#### [WORK TO COMPLETE]
Using the data below, set down every line from the one containing "Good Pre-Owned Condition" through the one containing "Gucci 2000L Quartz", inclusive and unchanged. Pictures are to be skipped.

#### [AVAILABLE RECORDS]
* * *

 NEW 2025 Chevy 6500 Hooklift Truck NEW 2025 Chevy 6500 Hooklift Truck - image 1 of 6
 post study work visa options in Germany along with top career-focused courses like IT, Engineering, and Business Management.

* * *

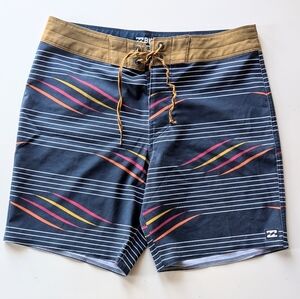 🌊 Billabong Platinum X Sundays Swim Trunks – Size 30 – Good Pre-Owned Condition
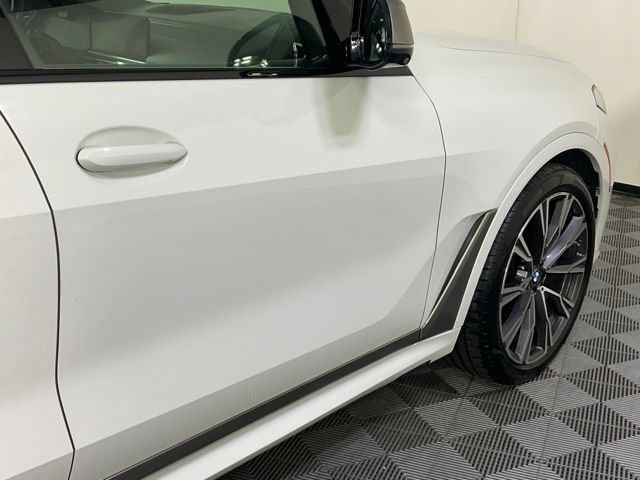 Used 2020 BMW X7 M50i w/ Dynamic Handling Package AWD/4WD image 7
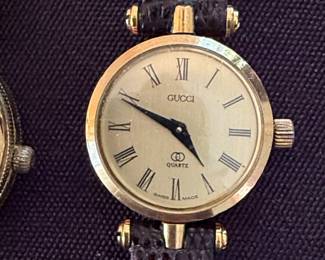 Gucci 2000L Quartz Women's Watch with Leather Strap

* * *

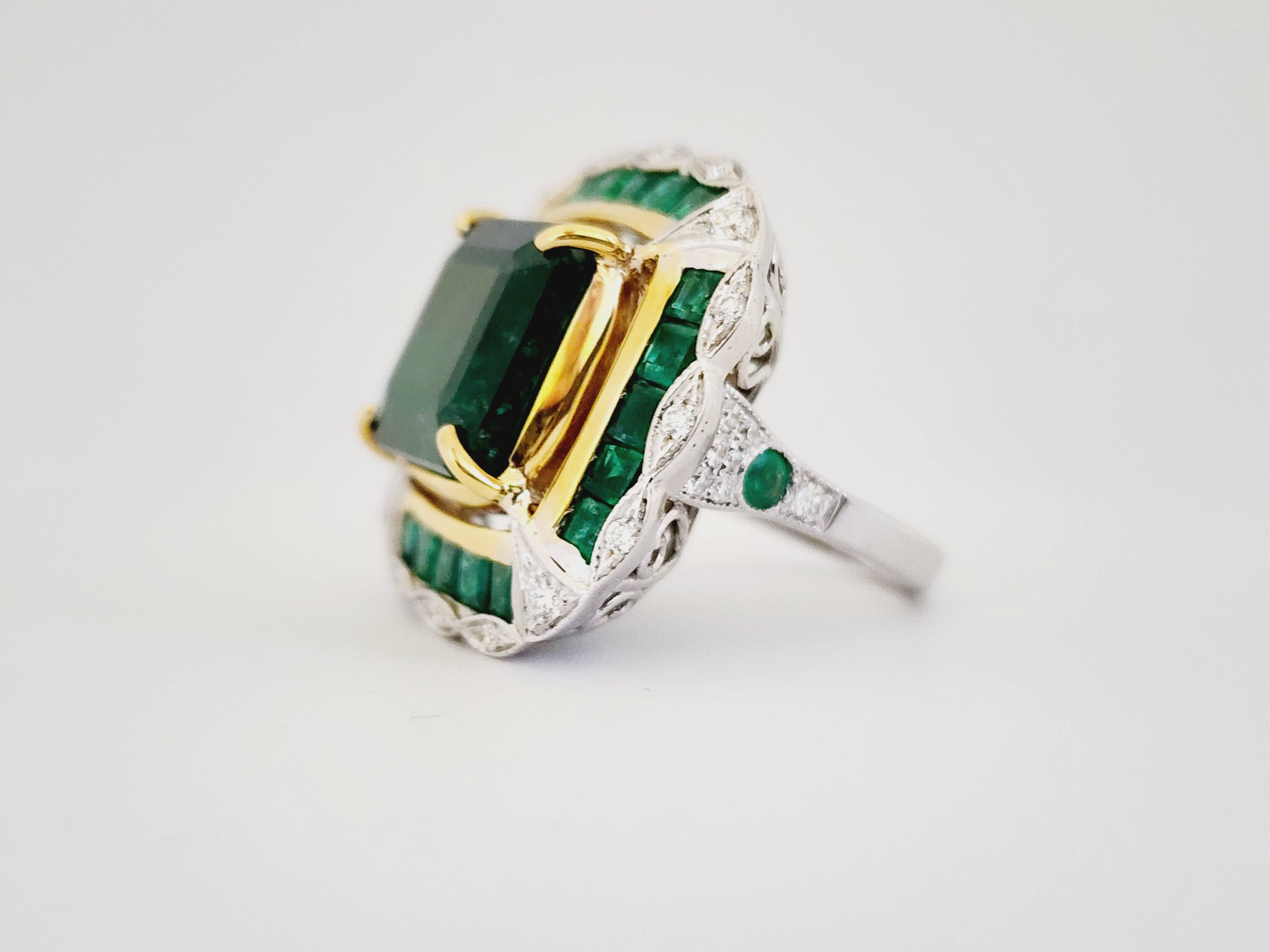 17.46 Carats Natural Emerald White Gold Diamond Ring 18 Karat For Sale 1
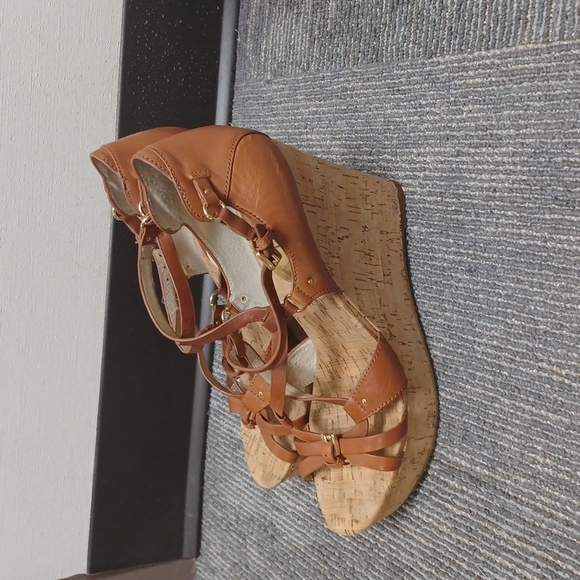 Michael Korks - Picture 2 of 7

* * *

#### [WRITTEN ANSWER]
 🌊 Billabong Platinum X Sundays Swim Trunks – Size 30 – Good Pre-Owned Condition
 Used 2020 BMW X7 M50i w/ Dynamic Handling Package AWD/4WD image 7
 Gucci 2000L Quartz Women's Watch with Leather Strap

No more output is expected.